Acaba de morir un gran hombre, el sacerdote jesuita y cardenal, fue arzobispo de Milano, Carlo María Martini. A sus 85 años, aquejado por el mal de Parkinson, fue coherente con sus ideas hasta el final, se preparó a la muerte con anticipación, rechazó las tuberías que le hubieran prolongado la vida, dio una última entrevista en forma de testamento espiritual y pidió ser sedado para morir en casa.
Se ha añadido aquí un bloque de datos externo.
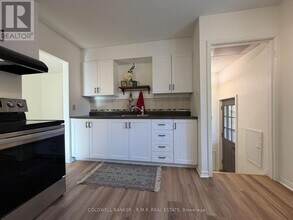 275 Silverbirch Dr in Newmarket, ON - Building Photo - Building Photo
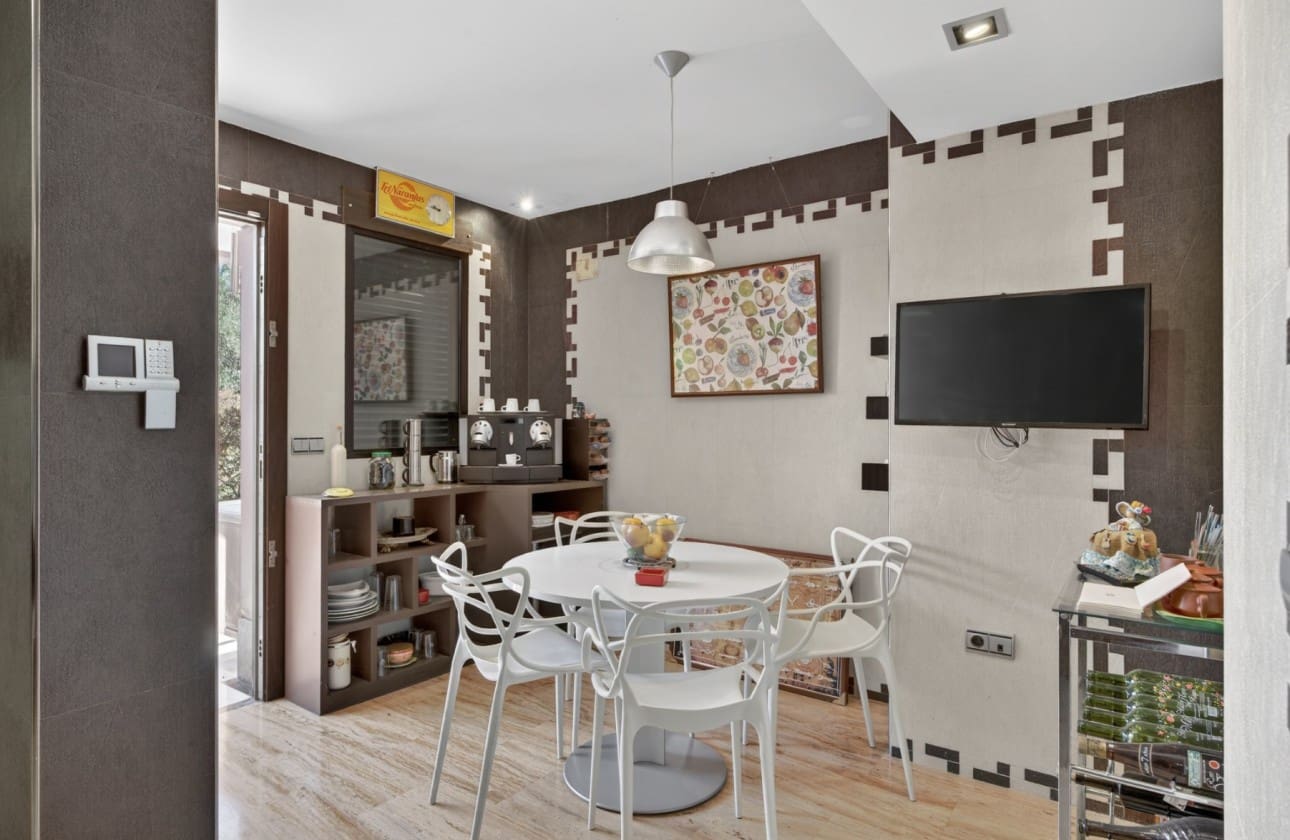 Chalet de 5 habitaciones en Santa Pola en venta con garaje - 749.000 € (Ref: 9624254)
Pertenece a la generación que dio la batalla del Concilio Vaticano II, un acontecimiento con miles de actores, cuando se formó a lo largo de esos cinco años una mentalidad común para sacar a la Iglesia romana de su inmovilismo. Entonces la Iglesia dispuso de muchos hombres notables, obispos y teólogos de primera, con la energía y fe para hacer algo. Pero la reforma institucional del gobierno de la Iglesia, más precisamente de la curia, no se ganó. La curia aguantó la presión, se dobló, sin romper nunca y, 50 años después, quedó dueña del terreno.
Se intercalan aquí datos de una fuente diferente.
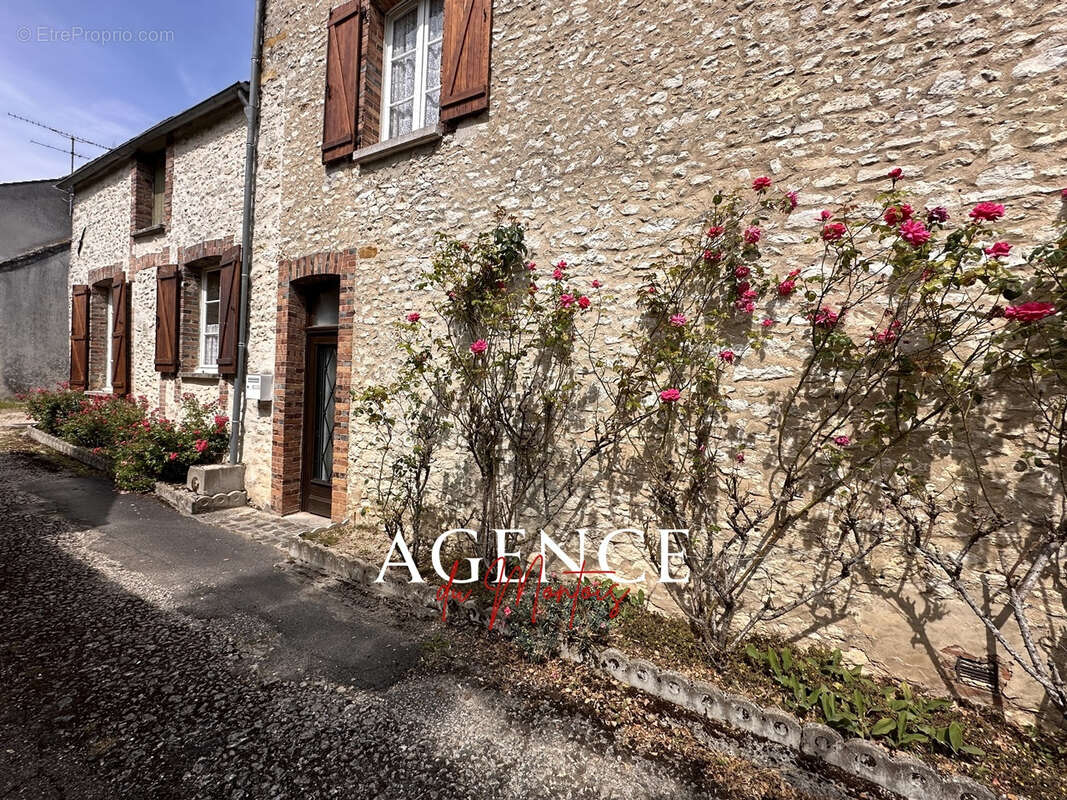 Maison à DONNEMARIE-DONTILLY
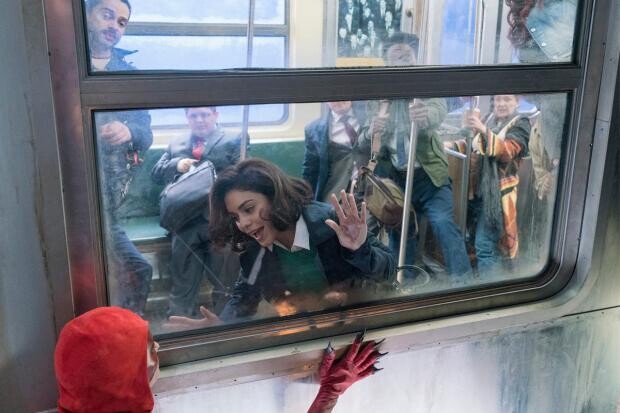 The First Trailer For Dc/Nbc’s “Powerless” Leaked 1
Por eso, en 2008, en La Reppublica, Martini escribía que “el vicio clerical por excelencia es la envidia, acompañada por la vanidad y la calumnia”, tres pecados capitales ligados al “terrible carrerismo” clerical, especialmente en la curia romana, “donde cada uno quiere ser más”. Por eso, “ciertas cosas no se dicen, ya que se sabe que bloquean la carrera” de uno, y eso es “un mal malísimo para la Iglesia”, ya que “se intenta decir lo que gusta al superior y se actúa según cada uno se imagina que gustaría al superior, haciendo de esta manera un flaco servicio al Papa”. Por eso, hace poco, se pudo escribir que el papa Benedicto XVI, amigo de Martini, por cierto, era “un anciano rodeado por lobos”.
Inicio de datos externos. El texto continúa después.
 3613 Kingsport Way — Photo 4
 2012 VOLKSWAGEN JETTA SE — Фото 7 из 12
No conocí al cardenal, pero leí dos libros suyos: En qué creen los que no creen, colección de cartas cruzadas con Umberto Eco, que valió a los dos hombres el Premio Príncipe de Asturias, en el año 2000. Luego Coloquios nocturnos en Jerusalén, conversación con el jesuita alemán Georg Sporschill, el mismo que lo entrevistó el 8 de agosto de 2012, a escasas tres semanas de su muerte. En 2012 hizo mucho ruido en Italia un tercer libro, también de conversación, ahora con el senador italiano de centro–izquierda, Ignacio Marino, Creer y conocer.
¿Cuál fue la congruencia de nuestro hombre, hasta la hora de su muerte? El 24 de junio del año en curso, se despidió de los lectores de su columna semanal en el Corriere Della Sera, espacio en el cual contestó durante años a las preguntas éticas que le planteaban: “He llegado al tiempo en que es hora de apartarse de las cosas de la Tierra para prepararme a la próxima llegada al Reino. Prometo mis oraciones para todas vuestras preguntas irresueltas. Pueda Jesús responder a las interrogantes más profundas en el corazón de cada uno de vosotros”. “La Iglesia debe tener el valor de reformarse”, fue su afirmación constante, soñando “con una Iglesia en pobreza y humildad”. Siempre reclamó cambios concretos en la enseñanza y conducta frente al sexo. El celibato sacerdotal, según él, debía ser facultativo, reclamaba una encíclica que termine con las prohibiciones de la Humanae Vital (1968). Autorizar el uso de los preservativos, abrir el debate sobre la ordenación sacerdotal de las mujeres, apreciar con calma la homosexualidad, son sólo unas de sus ideas. “Entre mis conocidos, dijo, hay parejas de homosexuales, gente muy estimada y estimable. Nunca se me ha pedido, ni se me habría ocurrido condenarlos”. Que descanse en paz ese gran cristiano.
Me atrevo a decir que le hubiera gustado la película Los últimos cristeros, que acaba de salir en nuestras salas de cine, después de un recorrido de 365 días por 25 festivales, donde ganó ocho premios y menciones. “Un western metafísico”, “una epifanía”, dijo la crítica internacional.